TASK PROMPT
In the copy, include no pictures, but reproduce every record exactly.

[Data records]
::::
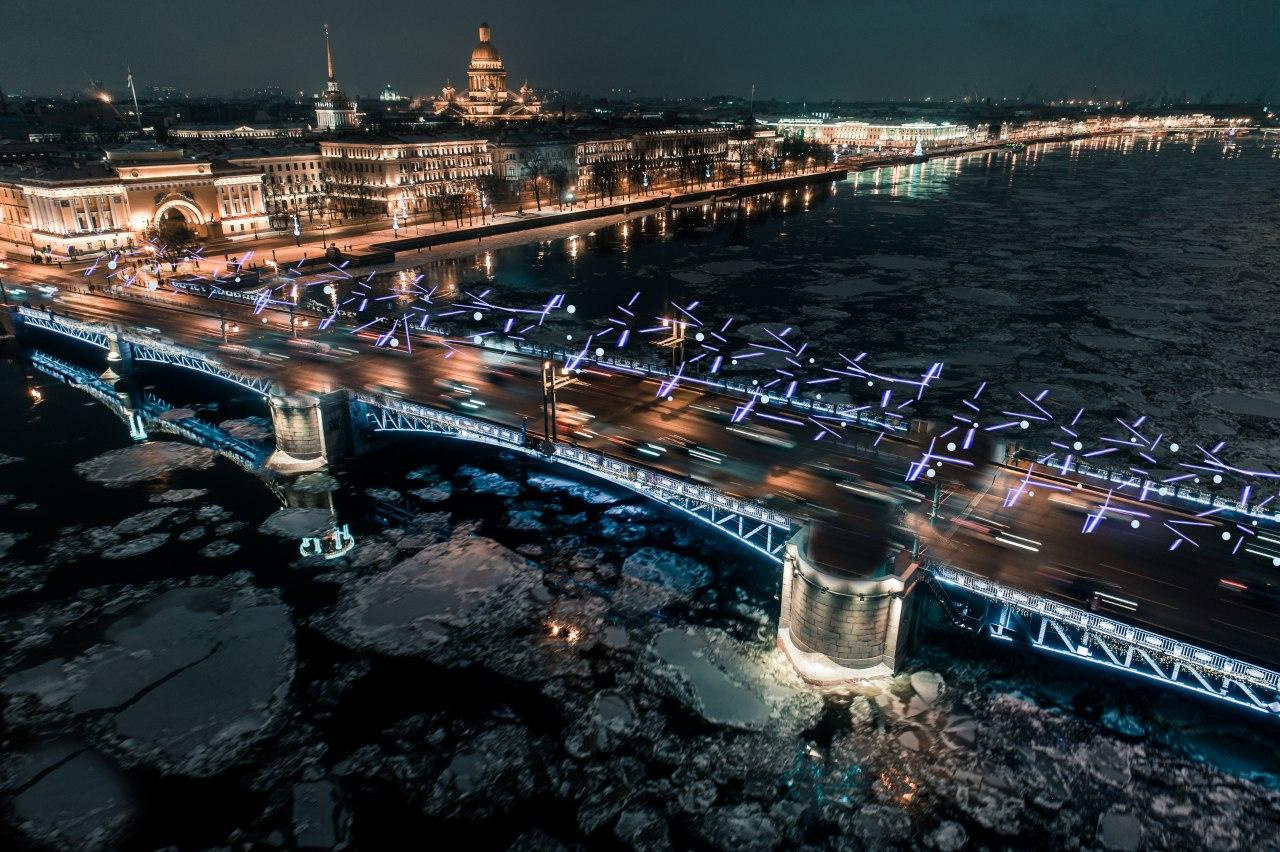 Дворецкий мост в Санкт-Петербурге
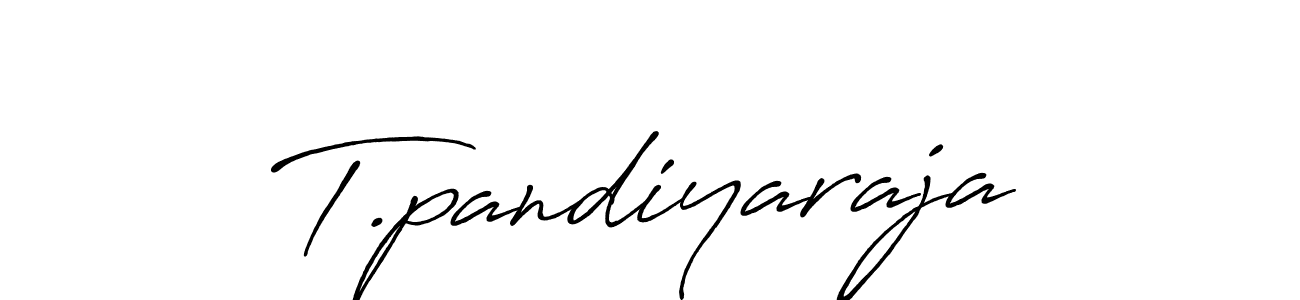 Make a beautiful signature design for name T.pandiyaraja. With this signature (Antro_Vectra_Bolder) style, you can create a handwritten signature for free. T.pandiyaraja signature style 7 images and pictures png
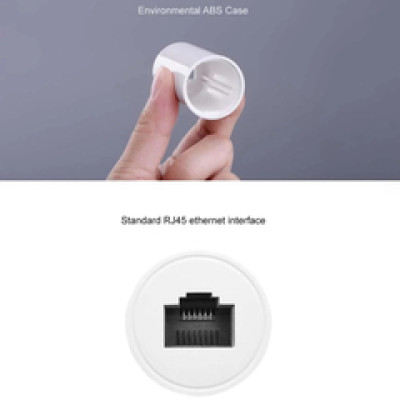 UGREEN  Mrežni adapter protiv grmljavine,Rj45,   crni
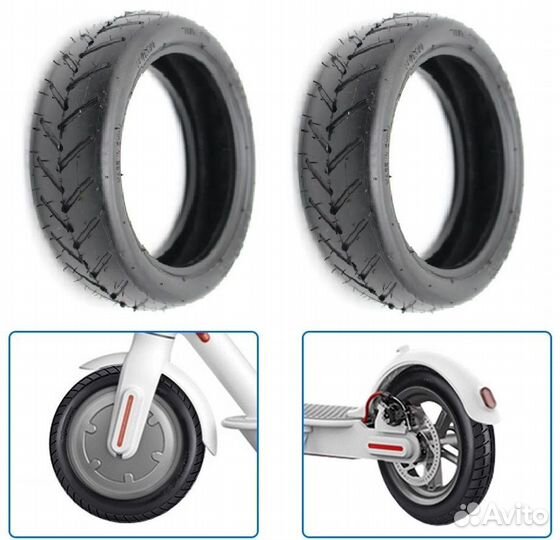 Покрышка для электро самоката ксиоми 8 1/2x2 hota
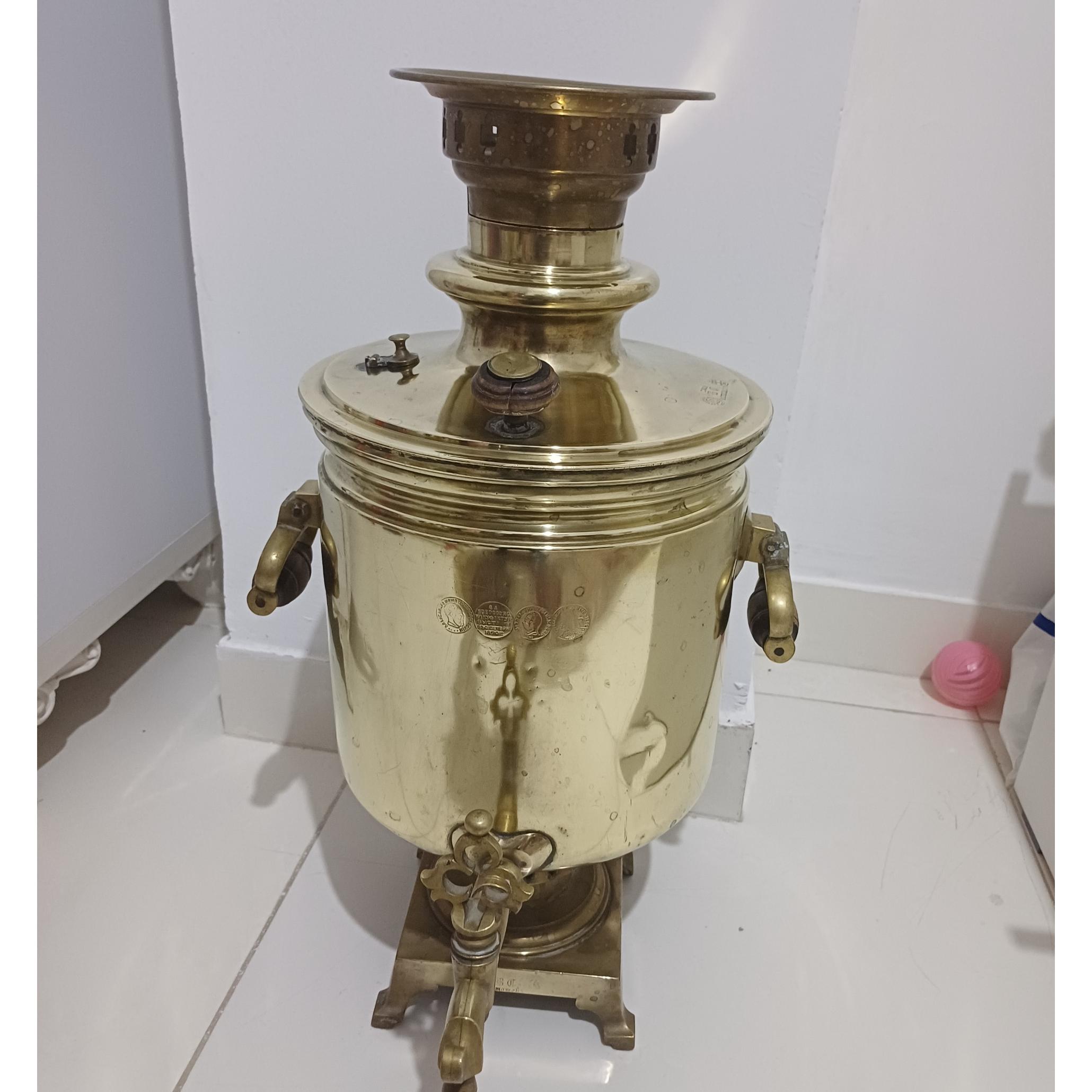 سماور ذغالی روسی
::::
ANSWER SPACE
 Дворецкий мост в Санкт-Петербурге
 Make a beautiful signature design for name T.pandiyaraja. With this signature (Antro_Vectra_Bolder) style, you can create a handwritten signature for free. T.pandiyaraja signature style 7 images and pictures png
 UGREEN  Mrežni adapter protiv grmljavine,Rj45,   crni
 Покрышка для электро самоката ксиоми 8 1/2x2 hota
 سماور ذغالی روسی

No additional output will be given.